= PROVIDED MATERIAL =
Segment Open

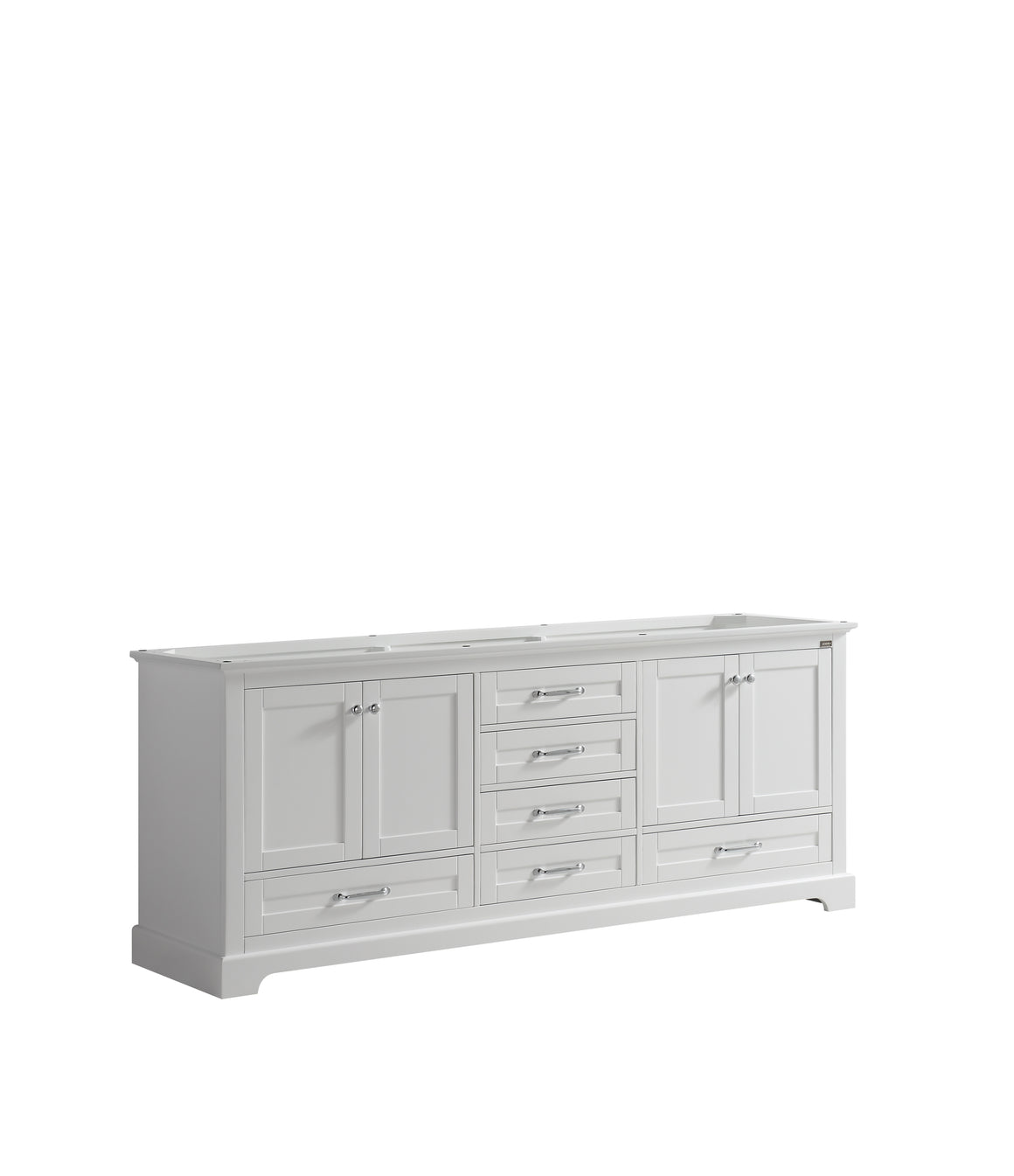 Dukes 80" Vanity Cabinet Only in White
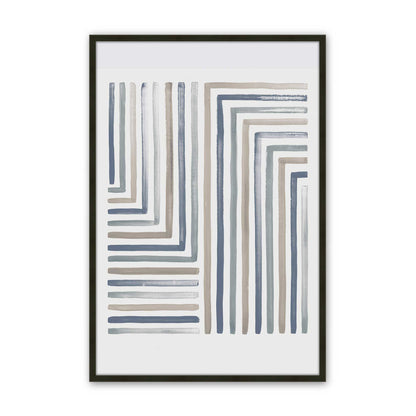 [Color:Satin Black], Picture of art in a Satin Black frame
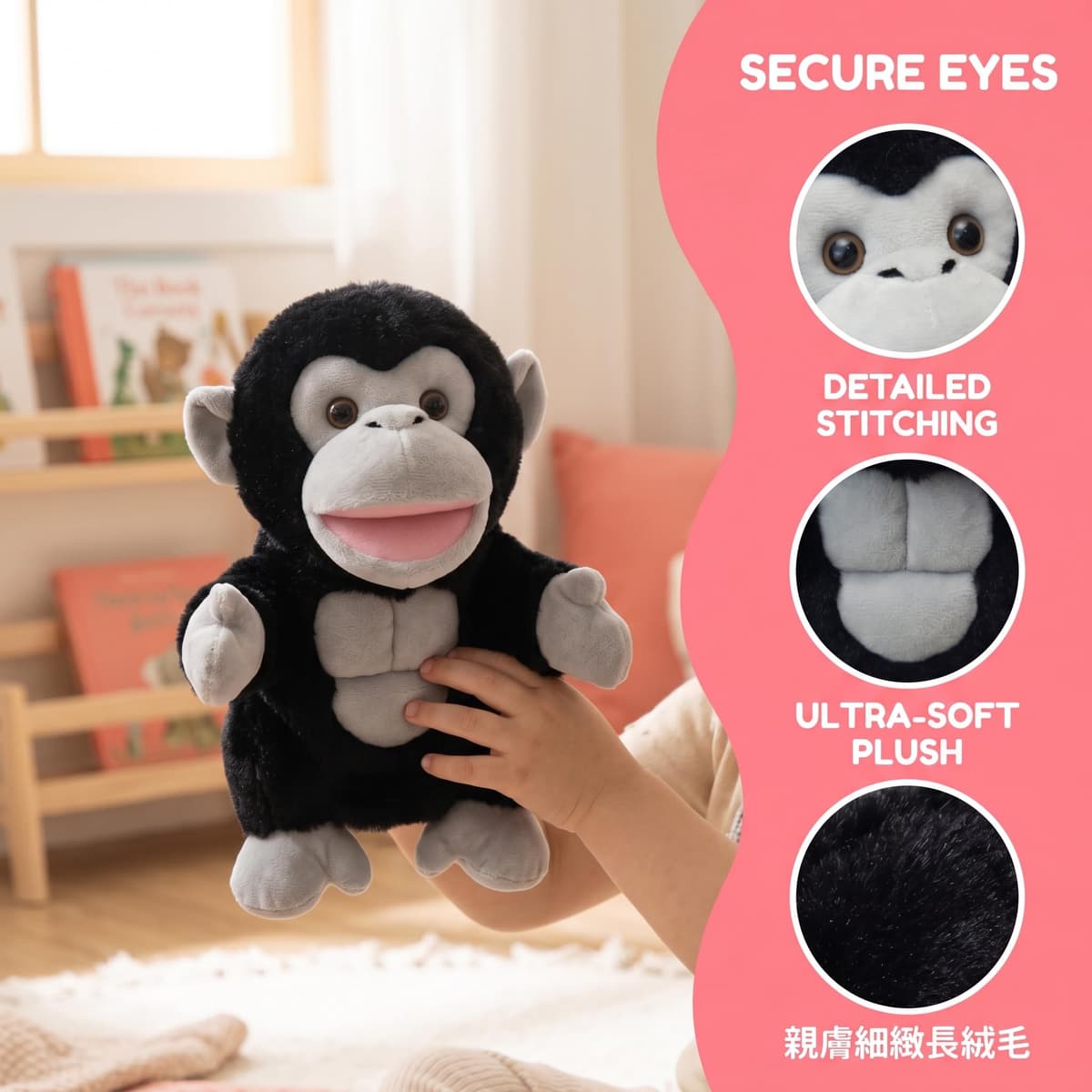 LOMTRATS 2026 Marionetas de Mano de Animales con Boca Abierta móvil para niños, Lobo, león, etc Contar Historias, enseñar, Preescolar, Regalos de cumpleaños — view 4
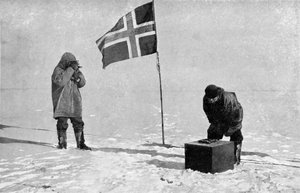 ロアルドエンゲルブレヒトグラブニングアムンセン1872-1928、ノルウェー人探検家、南極、1911年 作： Unbekannt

Segment Closed

= YOUR GOAL =
Set down all the material exactly once more. No pictures.

= RESULT BELOW =
 Dukes 80" Vanity Cabinet Only in White
 [Color:Satin Black], Picture of art in a Satin Black frame
 LOMTRATS 2026 Marionetas de Mano de Animales con Boca Abierta móvil para niños, Lobo, león, etc Contar Historias, enseñar, Preescolar, Regalos de cumpleaños — view 4
 ロアルドエンゲルブレヒトグラブニングアムンセン1872-1928、ノルウェー人探検家、南極、1911年 作： Unbekannt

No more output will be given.